Thursday, April 8, 2010

The Fickle Moods of Clevelanders

Oh my god, I know! It's so cold! We're all so cold, and wet, and it's gray and it sucks and what the fuck.

I think Twitter is the equivalent of conversations you have with cashiers at grocery stores. (if grocery store clerks talked about sex and foursquare a lot)

Listen, remember two days ago? When it was 80 degrees and beautiful, and you were all running and biking, and there were no dead bodies/deer on the side of 90 or mining disasters?

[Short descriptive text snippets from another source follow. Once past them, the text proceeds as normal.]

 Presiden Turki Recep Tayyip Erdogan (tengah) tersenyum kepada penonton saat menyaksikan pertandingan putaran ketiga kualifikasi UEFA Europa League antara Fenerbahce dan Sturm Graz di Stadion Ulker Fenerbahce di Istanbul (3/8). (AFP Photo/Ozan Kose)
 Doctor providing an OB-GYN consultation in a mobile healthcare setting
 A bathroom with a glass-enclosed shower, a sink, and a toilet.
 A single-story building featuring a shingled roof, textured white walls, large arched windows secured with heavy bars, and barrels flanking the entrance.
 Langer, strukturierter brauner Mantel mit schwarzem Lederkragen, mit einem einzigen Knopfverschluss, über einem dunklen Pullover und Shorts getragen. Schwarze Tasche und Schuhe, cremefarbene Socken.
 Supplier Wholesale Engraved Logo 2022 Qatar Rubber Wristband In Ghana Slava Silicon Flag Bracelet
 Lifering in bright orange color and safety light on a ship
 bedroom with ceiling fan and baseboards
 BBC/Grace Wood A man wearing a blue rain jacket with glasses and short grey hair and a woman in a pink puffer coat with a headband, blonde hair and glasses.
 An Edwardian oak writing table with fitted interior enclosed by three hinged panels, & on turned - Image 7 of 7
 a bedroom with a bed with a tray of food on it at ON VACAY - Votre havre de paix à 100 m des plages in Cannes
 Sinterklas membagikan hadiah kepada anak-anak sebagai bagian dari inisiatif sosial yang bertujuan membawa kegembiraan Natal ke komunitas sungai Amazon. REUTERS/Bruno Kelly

Oh, you don't remember, do you? Because you are apparently incapable of remembering anything that happened beyond the last 24 hours. It's like the same genetic instinct that helps us survive winter storms by forgetting their existence actually keeps us ungrateful towards Spring. Here, have a reminder. You will get this again. Probably in a week. Then once again you will wish you didn't have a job and that someone would pay you to just go into old buildings all the time, or write pithy commentary about tv shows.

A Clevelander's Pictorial Guide to Spring

First, you saw this, and were reminded of your childhood. And talked about it incessantly.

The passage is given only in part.